◆ **WORK REQUEST**
Return every record below exactly; leave out the images.

Records contained in a dataset
————————

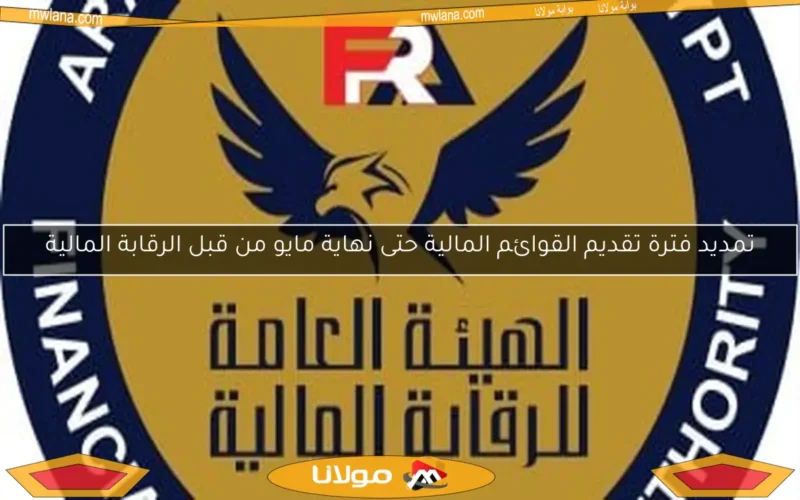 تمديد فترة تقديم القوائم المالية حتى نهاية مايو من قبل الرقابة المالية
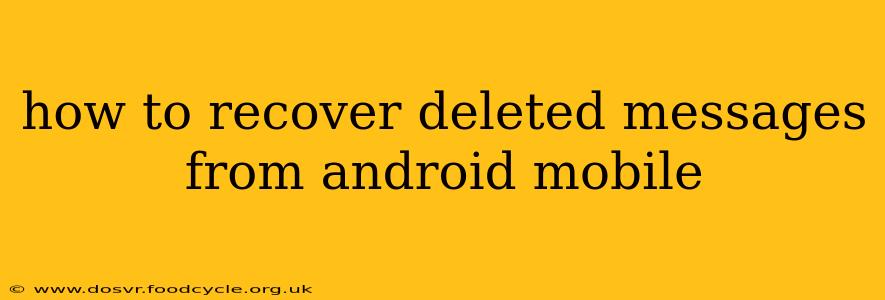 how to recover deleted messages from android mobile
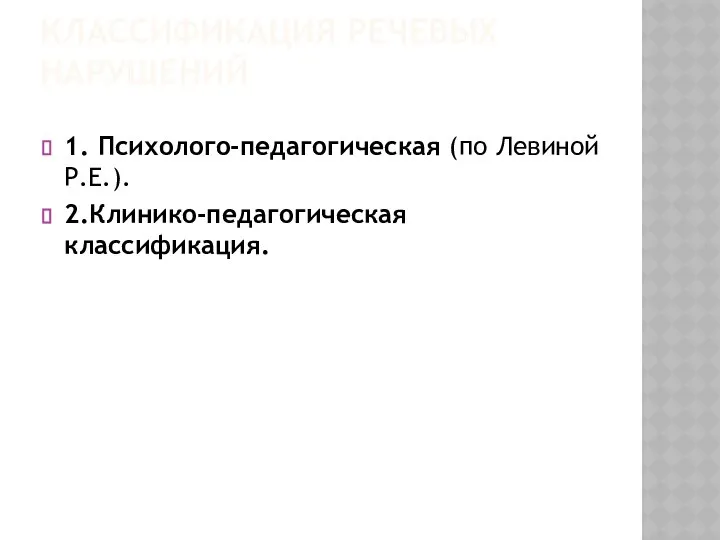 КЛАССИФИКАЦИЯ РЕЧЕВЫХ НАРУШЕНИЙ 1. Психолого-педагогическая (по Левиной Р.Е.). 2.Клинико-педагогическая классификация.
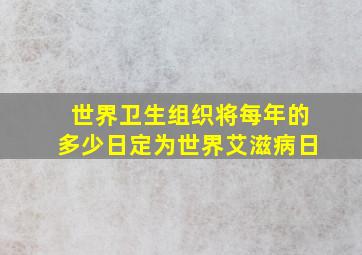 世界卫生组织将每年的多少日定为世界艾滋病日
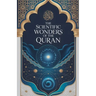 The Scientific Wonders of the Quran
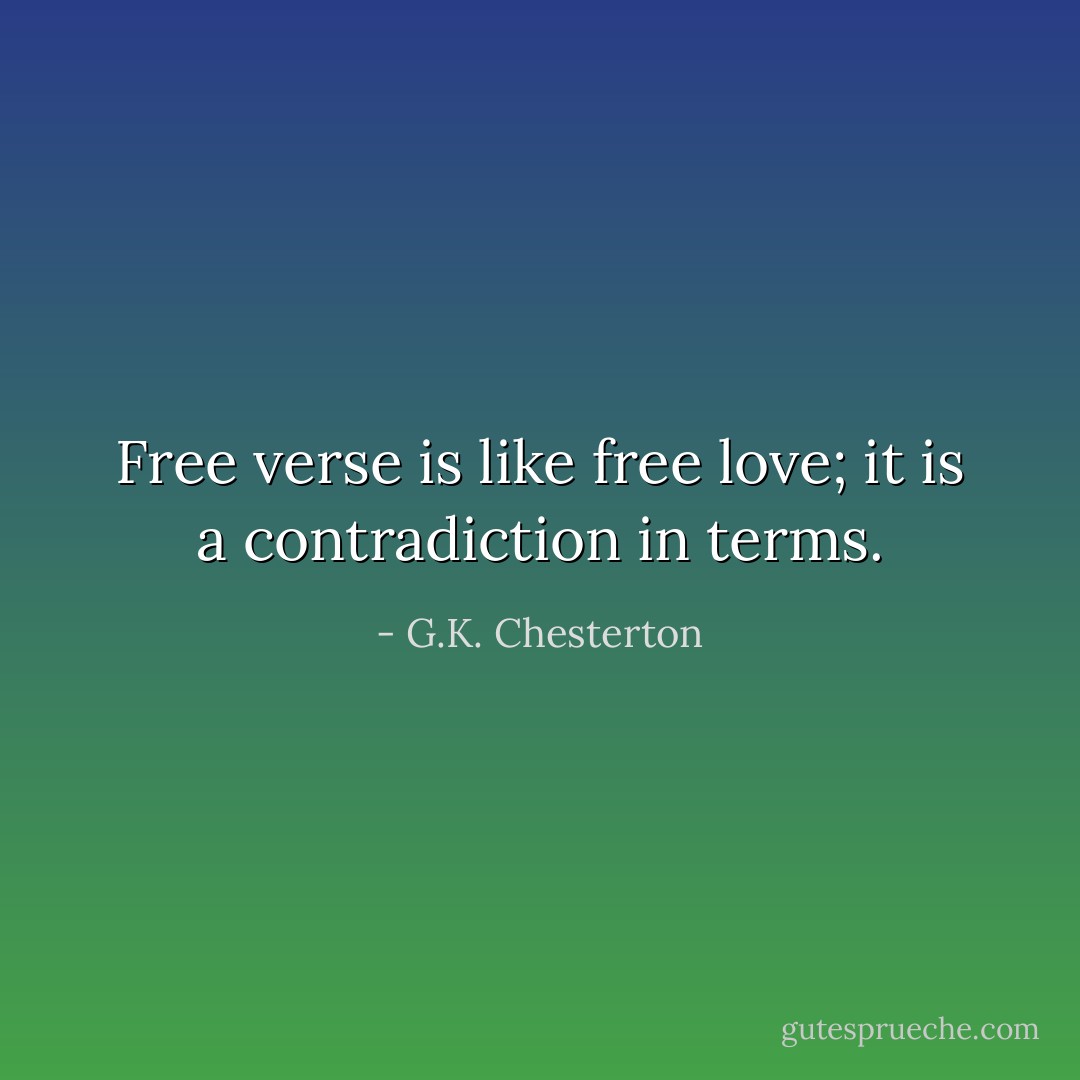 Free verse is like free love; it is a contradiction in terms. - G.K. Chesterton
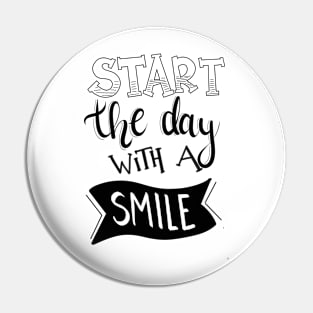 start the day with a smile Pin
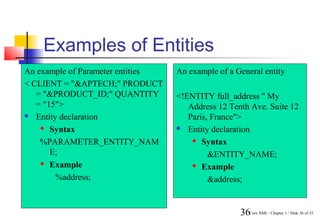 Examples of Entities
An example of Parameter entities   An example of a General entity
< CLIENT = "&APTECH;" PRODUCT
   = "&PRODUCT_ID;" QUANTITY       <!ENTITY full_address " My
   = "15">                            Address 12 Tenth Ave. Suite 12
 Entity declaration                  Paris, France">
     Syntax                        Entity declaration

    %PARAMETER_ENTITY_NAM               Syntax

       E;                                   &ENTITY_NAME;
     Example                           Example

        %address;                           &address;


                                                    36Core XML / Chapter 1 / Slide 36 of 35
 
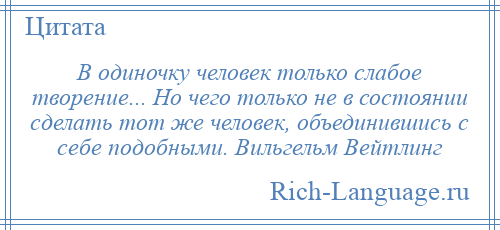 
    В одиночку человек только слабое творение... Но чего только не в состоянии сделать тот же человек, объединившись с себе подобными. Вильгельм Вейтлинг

————————

◆ **EXERCISE OUTPUT**
 تمديد فترة تقديم القوائم المالية حتى نهاية مايو من قبل الرقابة المالية
 how to recover deleted messages from android mobile
 КЛАССИФИКАЦИЯ РЕЧЕВЫХ НАРУШЕНИЙ 1. Психолого-педагогическая (по Левиной Р.Е.). 2.Клинико-педагогическая классификация.
 世界卫生组织将每年的多少日定为世界艾滋病日
 The Scientific Wonders of the Quran
 Free verse is like free love; it is a contradiction in terms. - G.K. Chesterton
 start the day with a smile Pin
 Examples of Entities
An example of Parameter entities   An example of a General entity
< CLIENT = "&APTECH;" PRODUCT
   = "&PRODUCT_ID;" QUANTITY       <!ENTITY full_address " My
   = "15">                            Address 12 Tenth Ave. Suite 12
 Entity declaration                  Paris, France">
     Syntax                        Entity declaration

    %PARAMETER_ENTITY_NAM               Syntax

       E;                                   &ENTITY_NAME;
     Example                           Example

        %address;                           &address;


                                                    36Core XML / Chapter 1 / Slide 36 of 35
 
    В одиночку человек только слабое творение... Но чего только не в состоянии сделать тот же человек, объединившись с себе подобными. Вильгельм Вейтлинг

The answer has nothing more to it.